Ideological debates about private and public sectors in health have gotten in the way of understanding how health markets work. This is despite the fact that most countries recognize that they have “mixed health systems”, with a variety of public and private providers and mechanisms for financing health goods and services. This was the starting point for a weeklong meeting convened by Future Health Systems with support from the Rockefeller Foundation at their centre in Bellagio, Italy last week.

The meeting brought together a small group of policy-makers, entrepreneurs, academics and funders to discuss the changing face of health markets, and in particular to consider future trends in such markets. The meeting report is now available.

The group that met at Bellagio were careful to explain that they take an agnostic view about health markets. They do not advocate for privatization or the expansion of private market share as a public health goal, but they do recognize the pervasiveness of market relationships in health systems, and the need to employ market analyses in order to develop a clearer understanding of market functioning, and how interventions can shape health markets for public policy goals.

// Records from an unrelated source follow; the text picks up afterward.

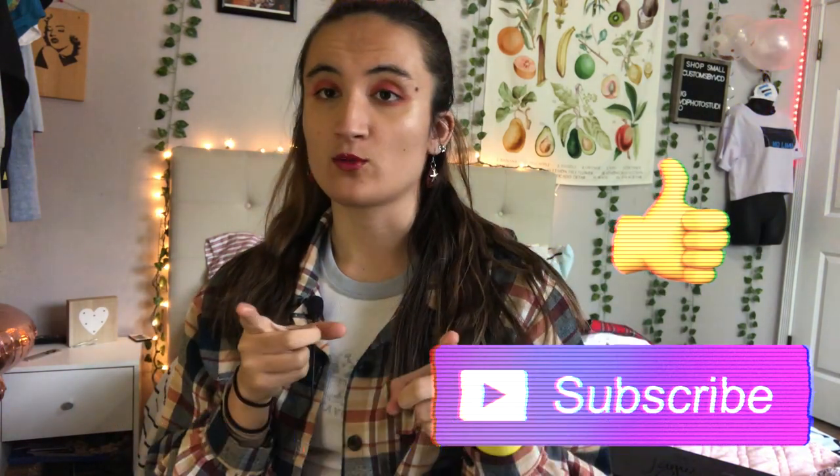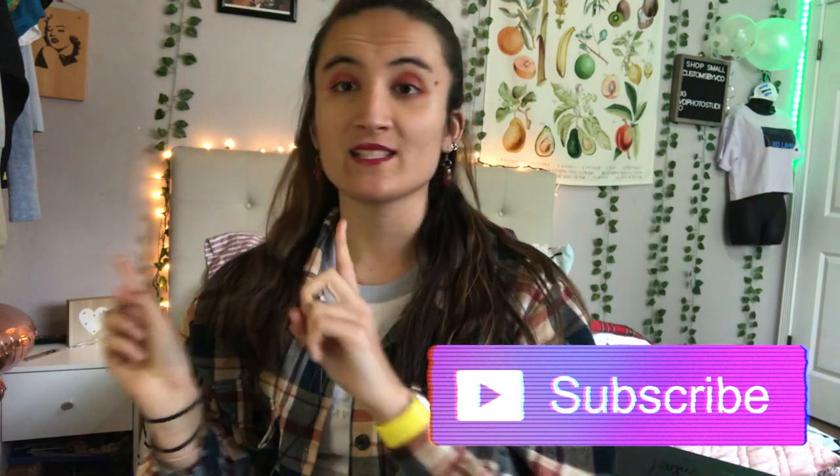That is so much on one screen, so be careful if you ever do it. That is the final look! I hope you guys liked it — comment down below what you're doing for Valentine's Day. Subscribe if you want to subscribe, and I'll see you guys next week. Bye!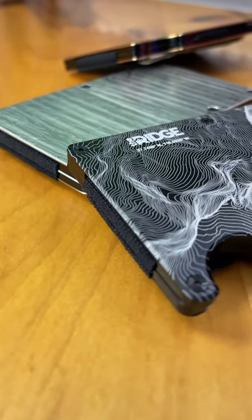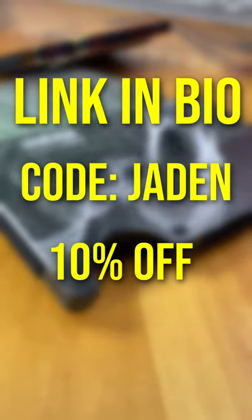The small form factor of these wallets makes it super easy to slip into your pocket. If you'd like to pick one up, I'll leave a link to it in my bio — and use code Jaden for 10% off.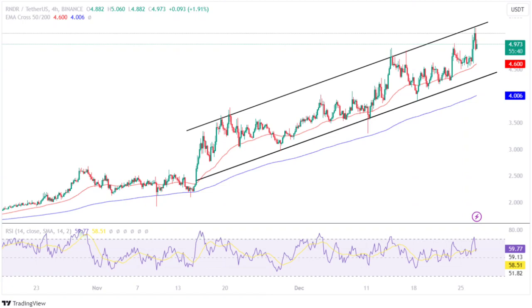As the market regained momentum, the RNDR token broke out of its upper level and jumped over 40% within a day. Since then, the price has been trading in a rising channel pattern, displaying a strong bullish sentiment for this crypto.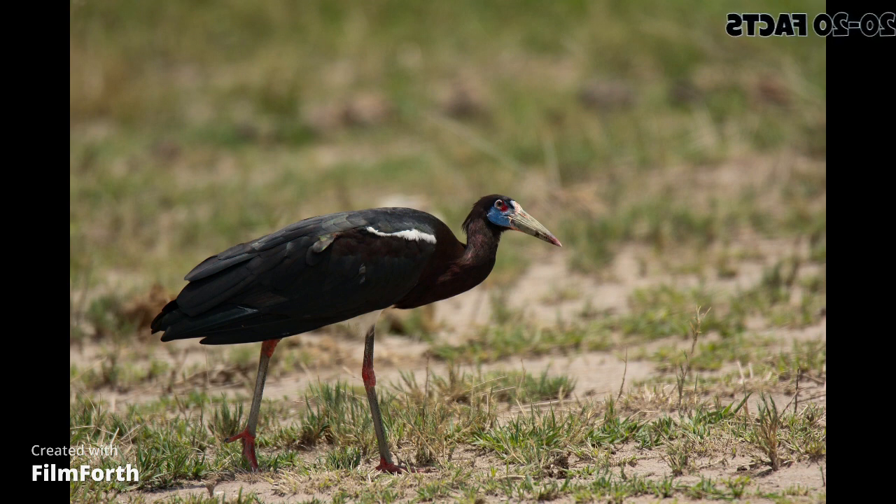Fact 17: Abdim stork is a fast flyer and is able to cover large distances quickly in search of food. Fact 18: The species is also able to use thermal currents to gain altitude and fly for long distances without flapping its wings. Fact 19: Research on Abdim stork has helped scientists to better understand the impacts of habitat loss and degradation on African ecosystems. Fact 20: Conservation efforts are underway to protect the species and its habitat, including habitat restoration and anti-poaching programs.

At the meeting, participants reviewed the evolution of health markets, identified key drivers of and gaps resulting from their rapid development, and highlighted critical issues that must be tackled to ensure the poorest have access to safe, affordable, effective and equitable health services.

“Engaging with health markets is going to be critical for governments in the future, especially given the recent UN resolution,” noted FHS CEO Sara Bennett, referring to last week’s UN resolution urging countries to work towards affordable Universal Health Coverage. Many country governments will need to purchase services from both public and private providers to achieve universal health coverage, and this may present a real opportunity to shape health markets of the future. At the same time governments need to guard against arrangements that may enable powerful stakeholders to consolidate their position in a health system that provides ineffective services at an unnecessarily high cost.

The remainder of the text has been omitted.